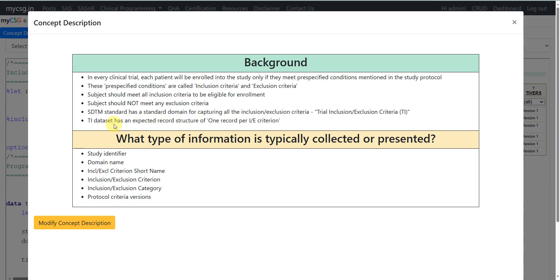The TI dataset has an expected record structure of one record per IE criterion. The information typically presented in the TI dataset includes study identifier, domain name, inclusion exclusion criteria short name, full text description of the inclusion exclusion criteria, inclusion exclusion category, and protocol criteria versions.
--
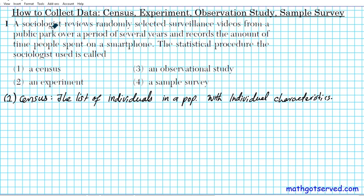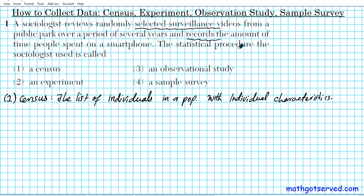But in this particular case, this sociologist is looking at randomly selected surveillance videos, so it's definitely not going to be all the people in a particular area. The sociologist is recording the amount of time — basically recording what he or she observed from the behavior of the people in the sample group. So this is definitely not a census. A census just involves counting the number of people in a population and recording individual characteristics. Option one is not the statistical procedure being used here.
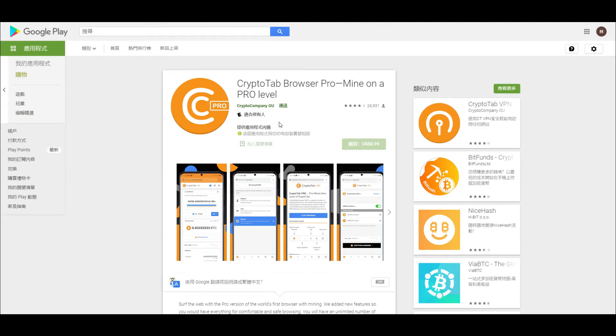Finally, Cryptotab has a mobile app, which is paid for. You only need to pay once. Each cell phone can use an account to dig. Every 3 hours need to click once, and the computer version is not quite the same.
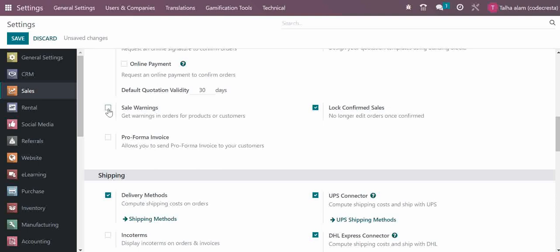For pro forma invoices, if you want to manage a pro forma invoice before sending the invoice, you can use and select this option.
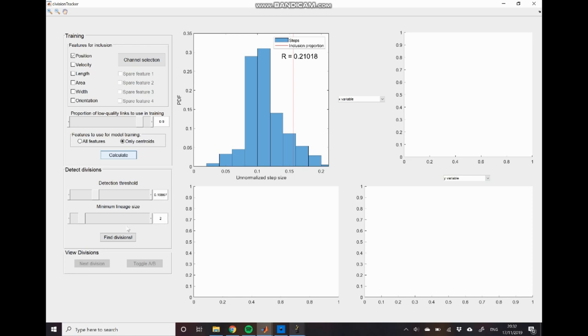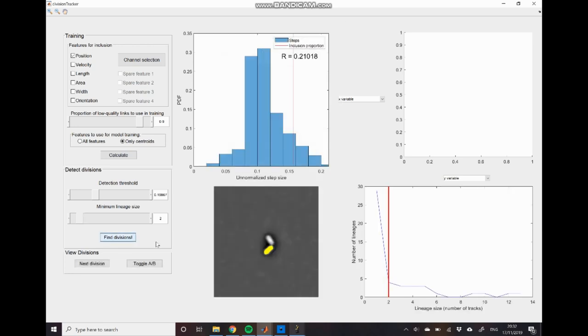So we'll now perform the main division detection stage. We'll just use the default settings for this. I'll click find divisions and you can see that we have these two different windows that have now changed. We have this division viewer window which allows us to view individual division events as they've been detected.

What this task involves >> All that should appear in the answer is the lines above from the line with "Finally, Cryptotab has" through the line with "For pro forma", retyped exactly, pictures left out.

Answer box >>
Finally, Cryptotab has a mobile app, which is paid for. You only need to pay once. Each cell phone can use an account to dig. Every 3 hours need to click once, and the computer version is not quite the same.
For pro forma invoices, if you want to manage a pro forma invoice before sending the invoice, you can use and select this option.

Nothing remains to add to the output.